_Material supplied_
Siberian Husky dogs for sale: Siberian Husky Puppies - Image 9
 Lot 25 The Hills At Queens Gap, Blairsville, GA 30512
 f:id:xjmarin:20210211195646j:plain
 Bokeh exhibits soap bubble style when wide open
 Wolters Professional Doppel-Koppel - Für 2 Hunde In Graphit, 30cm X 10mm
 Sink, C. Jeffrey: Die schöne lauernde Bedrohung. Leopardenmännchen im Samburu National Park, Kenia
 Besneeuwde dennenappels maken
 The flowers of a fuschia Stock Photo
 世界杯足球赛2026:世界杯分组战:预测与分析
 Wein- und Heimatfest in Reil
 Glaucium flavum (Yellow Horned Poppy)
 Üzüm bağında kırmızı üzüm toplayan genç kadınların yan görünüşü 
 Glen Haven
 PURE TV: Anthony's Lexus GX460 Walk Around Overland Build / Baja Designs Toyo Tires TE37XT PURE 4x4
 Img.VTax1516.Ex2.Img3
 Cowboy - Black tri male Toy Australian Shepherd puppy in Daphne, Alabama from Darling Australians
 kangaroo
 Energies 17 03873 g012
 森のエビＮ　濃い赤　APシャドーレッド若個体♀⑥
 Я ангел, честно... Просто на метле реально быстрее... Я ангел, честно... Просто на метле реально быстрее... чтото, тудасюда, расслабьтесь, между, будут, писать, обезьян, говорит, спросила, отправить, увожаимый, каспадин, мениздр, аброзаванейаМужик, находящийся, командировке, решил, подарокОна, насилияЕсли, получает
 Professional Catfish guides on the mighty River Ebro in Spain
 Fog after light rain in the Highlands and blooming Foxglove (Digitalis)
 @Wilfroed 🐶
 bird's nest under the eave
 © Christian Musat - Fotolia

_Task details_
Reproduce word for word the material above, beginning with the line that contains "Besneeuwde dennenappels maken" and ending with the line that contains "Img.VTax1516.Ex2.Img3".

_Problem solution_
 Besneeuwde dennenappels maken
 The flowers of a fuschia Stock Photo
 世界杯足球赛2026:世界杯分组战:预测与分析
 Wein- und Heimatfest in Reil
 Glaucium flavum (Yellow Horned Poppy)
 Üzüm bağında kırmızı üzüm toplayan genç kadınların yan görünüşü 
 Glen Haven
 PURE TV: Anthony's Lexus GX460 Walk Around Overland Build / Baja Designs Toyo Tires TE37XT PURE 4x4
 Img.VTax1516.Ex2.Img3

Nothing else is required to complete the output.